岐阜大学大学院医学系研究科脳神経内科学分野教授
下畑 享良

「ヒポクラテスの木」は,医聖ヒポクラテスが弟子に,その木陰で医学を教えたという謂われがある,ギリシャのコス島にあるプラタナスの大樹のことを言います.街路樹など,普通に見られるプラタナスと異なり,コス島の「ヒポクラテスの木」に由来するDNAを持つものだけが「ヒポクラテスの木」と呼ばれます.

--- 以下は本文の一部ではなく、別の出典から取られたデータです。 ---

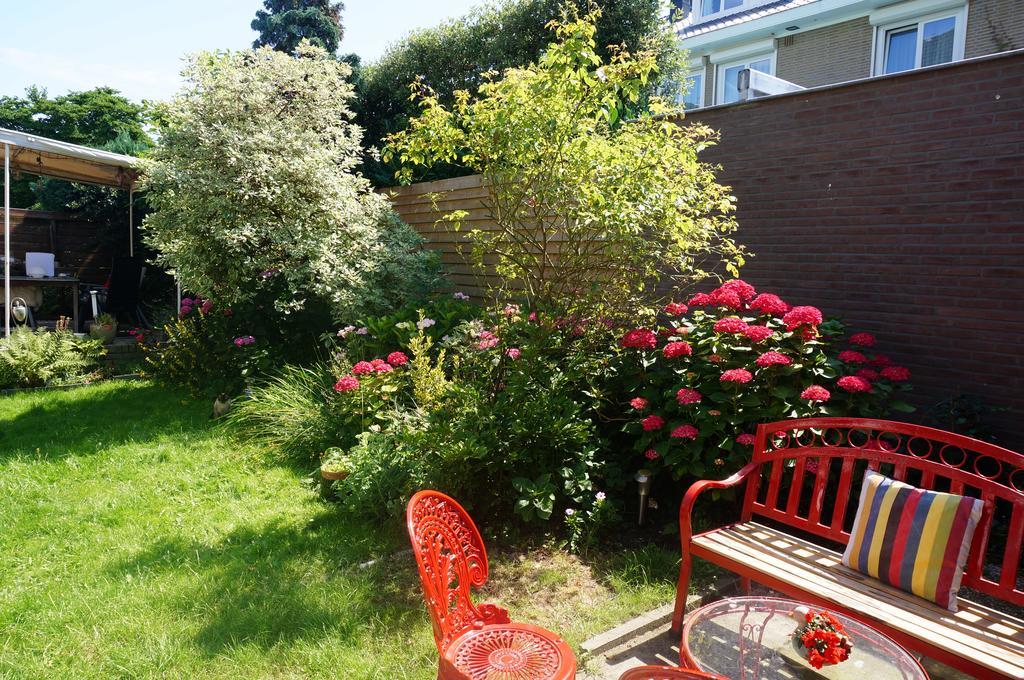 Xaviera'S Bed And Breakfast Amsterdam Bagian luar foto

新潟大学には医歯学総合病院入退院口に「ヒポクラテスの木」があります.その理由は,整形外科医で,医史学者としても有名な蒲原宏先生(現日本歯科大学生命歯学部・医の博物館顧問.中田瑞穂先生,高野素十先生に師事した俳人としても有名)が,昭和44年9月,ヒポクラテスの生地,ギリシャのコス島に渡り,ヒポクラテス博物館の庭にある「ヒポクラテスの木」の実を採取して日本に持ち帰り,みずから播種育成され,立派な10本の苗木に育てあげてから,昭和47年6月,新潟大学医学部構内に植樹したためです.脳研究所初代所長の中田瑞穂先生による「ヒポクラテスの木」という文章には,新潟大学に植樹されたときのエピソードが書かれています.「1メートルに達したばかりの若木の天を摩するに至る成長を見ることはこの私には無理というものである.しかし私は,これを私達で育てますと,この移植に積極的であった学生有志のあったことは,この木の成長が約束されていると同様,医学部に最も重要な正しい医学の正統,ヒポクラテスから伝わった医の正道を伝えつづけようとする純粋なこころを目の当たりに示したものであって,木の成長を確認すよりもはるかに私に心強いものを感じさせる」と書かれていました.そして中田先生は「やがて大夏木になれと植ゑらるゝ」の一句を持って植樹を祝われたそうです.ところが植えられた翌日の朝に,何者かによってその木は持ち去られてしまいます.その後,蒲原先生のご自宅に植えられた苗木が再度,新潟大学に移植され,現在の「ヒポクラテスの木」になりました.9本の苗木の子孫はさまざまな大学や病院に株わけされました.新潟大学のものは,植樹後58年が経過し,高さ10メートルにも及ばんとする大樹になっています.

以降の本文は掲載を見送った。